On the downside, Zenoss Core is one of the most complicated monitoring systems to install and set up. Installation is entirely a command-line driven process. Considering that today’s network administrators are used to GUI installers, configuration wizards and auto-discovery engines, this could make the product’s installation seem a bit archaic. Then again, this is in line with the Linux philosophy. On the other hand, there is ample installation and configuration documentation available and the end result makes it worth your efforts.
Zabbix is another free and open-source product which can be used to monitor almost anything. The tools can run on several Linux distributions—even including Rapsbian, a Raspberry Pi specific Linux distribution—and it will monitor network bandwidth utilization, servers, applications and services, as well as cloud-based environments. It boasts a very professional look and feel. This product also has a broad feature set, unlimited scalability, distributed monitoring, strong security, and high availability. Despite being free this is a true enterprise-grade product.
Zabbix uses a combination of monitoring technologies. It supports SNMP monitoring as well as the Intelligent Platform Monitoring Interface (IMPI). It can also do agent-based monitoring with agents available for most platforms. For easy setup, there’s auto-discovery as well as out-of-the-box templates for many devices. The tool’s web-based user interface has several advanced features such as widget-based dashboards, graphs, network maps, slideshows, and drill-down reports. Zabbix also features a highly customizable alerting system which will not only send out detailed notification messages but that can also be customized based on the recipient’s role. It can also escalate problems according to flexible user-defined service levels.

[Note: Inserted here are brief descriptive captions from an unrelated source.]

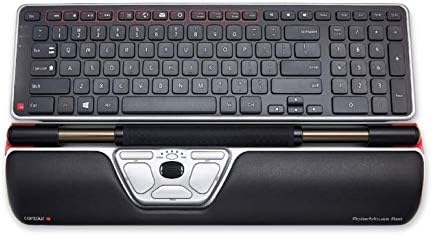 Contour Design Travel Kit Red - Ergonomic Computer Accessories for Mobile Work - Includes Laptop Stand, RollerMouse Red, Balance Keyboard, and Travel Sleeve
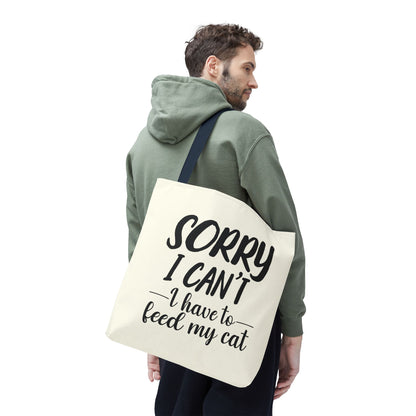 Feed My Cat Tote Bag (Cream)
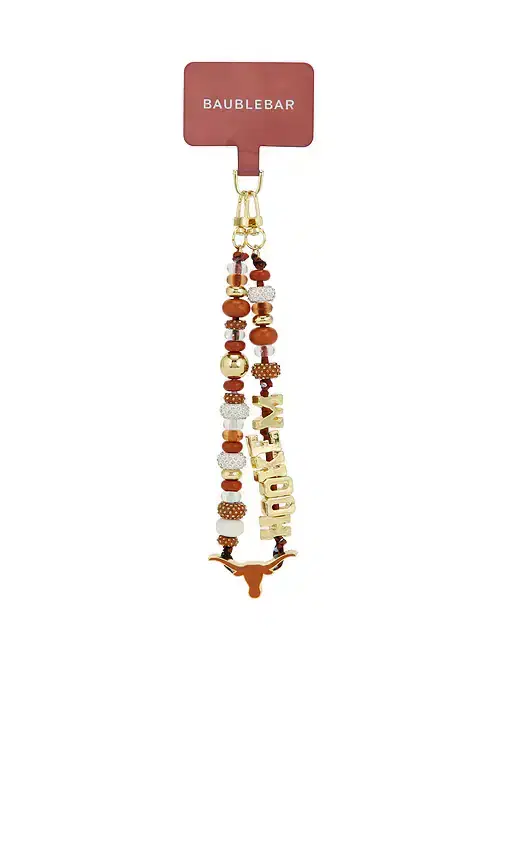 BaubleBar University Of Texas At Austin Beaded Phone Strap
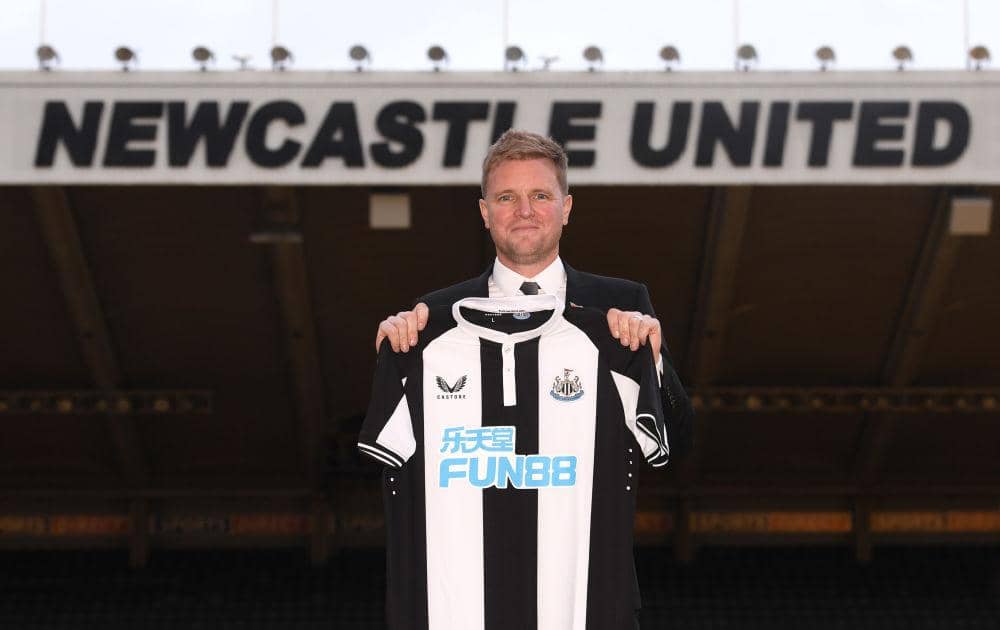 Newcastle United head coach Eddie Howe is facing a number of selection dilemmas. (Photo by Stu Forster/Getty Images)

We had to include Cacti on this list. After all, at almost 18 years of age, it is one of the oldest free and open-source monitoring platform. Furthermore, it is still quite popular to this day it is still actively developed with the latest version just released last June. Cacti might not be as feature-rich as some other products, yet it is still a very good tool. Its web-based user interface has somewhat of a retro feel but it is well laid out and easy to understand and use. Cacti consists of a fast poller, a set of advanced graphing templates, and multiple acquisition methods. Although the tool mainly uses SNMP for polling devices, custom scripts can be devised to fetch data from virtually any source.
This tool’s main strength is in polling devices to fetch their metrics—such as bandwidth utilization—and graphing the collected data on web pages. It does an excellent job of that but that’s pretty much all it will do. If you don’t need alerting, fancy reports or other extras, the product’s simplicity might be just what you need. And if you need more functionality, Cacti’s source code is available and it is entirely written in PHP, making it highly customizable and allowing anyone to add any missing features they need.
Cacti makes extensive use of templates which account for an easier configuration. There are device templates for many common types of devices as well as graph templates. There’s also a huge online community of users who write custom templates of all kinds and make them available to the community and many equipment manufacturers also offer downloadable Cacti templates.
Even if Linux is your platform of choice, we’ve seen how you still have plenty of choices when it comes to bandwidth monitoring tools. And given the Linux philosophy, many of them are free and open-source. In fact, using Linux could let you built a complete and very potent monitoring system with no other investment than the time you’ll spend setting it up.